実は筆者も、日頃SNS(ソーシャルネットワークサービス)での反応が素早いメドベージェフ前大統領だけでなく、ウォロジン下院議長も事件直後にゼレンスキー政権の打倒を求める発言をしたことに強い違和感を覚えた1人だ。事前にクレムリンが最高幹部に発言を「振り付け」した匂いを感じた。
クレムリンが「偽旗作戦」に出た理由としてISWは、戦勝記念日を前にロシア国民に対し、戦争が国家存立のかかった事態に至ったことを強調し、より広範な戦争動員に一層協力するよう呼び掛ける狙いだとの見方を示した。
筆者も「偽旗作戦」の可能性は相当あると考える。2023年4月以降、プーチン氏は遅々として進まない東部の激戦地バフムトの制圧を戦勝記念日までに実現するよう軍に厳命していた。実際にはそんなに大きくない戦果であるバフムト制圧を記念日演説で、重要な戦勝として誇示したいとの思惑があったとみられる。しかし記念日を前に、この思惑が外れたことは明白だった。
そこで、ウクライナ軍の大規模反攻作戦開始を前に、プーチン氏としては逆に、クレムリンが攻撃を受けるというところまで戦局が悪化したことを強調することで、政権への結集を訴える危機強調戦略に転換した可能性はある。
そうだとすると、クレムリンへの攻撃を阻止できなかったという屈辱まみれの自作自演までしないと、国民の国防意識を鼓舞できないプーチン政権の窮状が曝け出されたということになる。
ウクライナは攻撃を否定するが…
しかし一方で、ドローン事件が実際にウクライナによる攻撃だった可能性を捨てきれないのも事実だ。
事件後、ゼレンスキー大統領は確かに「ウクライナ軍は国内で戦っており、攻撃していない」と全面否定した。しかし、侵攻後、これまでにウクライナ側が公式には関与を否定しながら、実際は実行していた事件が複数あるのも事実だ。
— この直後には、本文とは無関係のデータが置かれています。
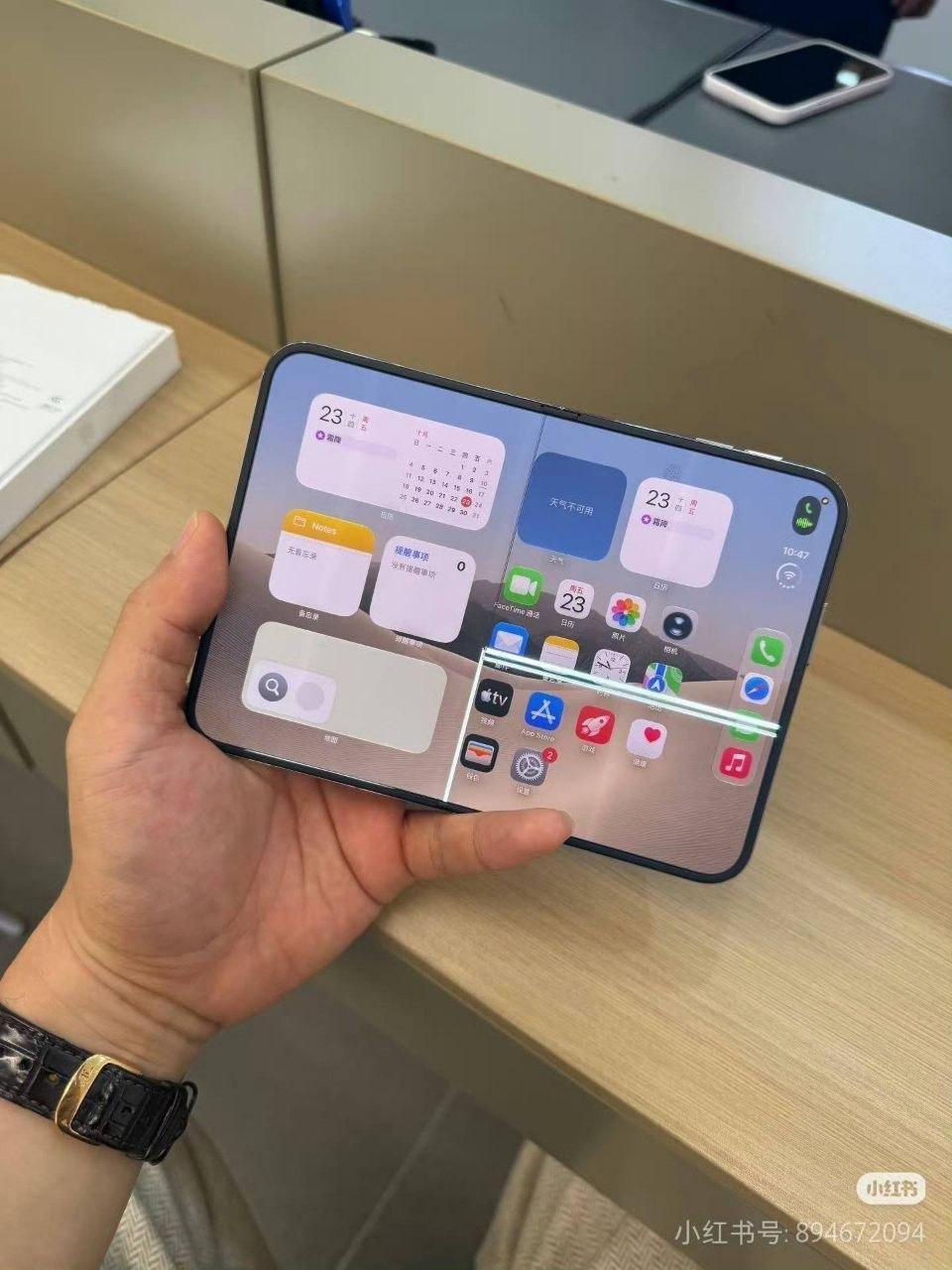 Экран нового iPhone Duo трескается уже в магазине, сообщили первые покупатели...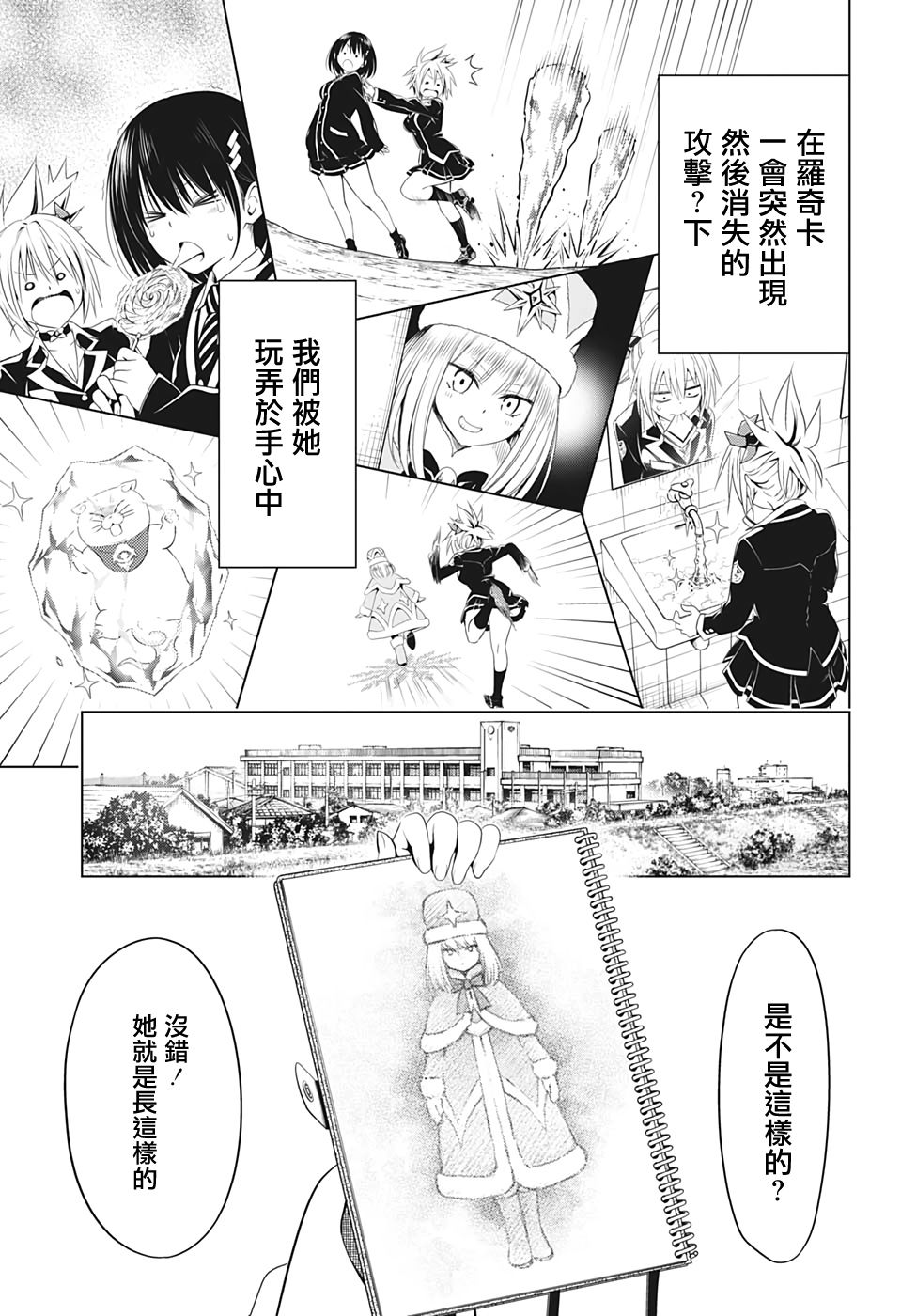 《妖三角》漫画最新章节第36话免费下拉式在线观看章节第【8】张图片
代表的なのが2022年10月のクリミア大橋での爆破事件だ。
ゼレンスキー氏は当初「われわれは断じて命じていない」と関与を否定した。しかし、その後、ウクライナ高官は爆破を自国情報機関が実行したことを非公式に認めている。つまり、大統領の否定発言は政治的なもので、必ずしも事実を話していない場合があるということだ。
仮にウクライナ側の攻撃だった場合、その狙いは明白だ。ウクライナ軍としては、政権の最中枢であるクレムリンを攻撃することで、反攻作戦開始に勢いを付ける狙いがあるとみられる。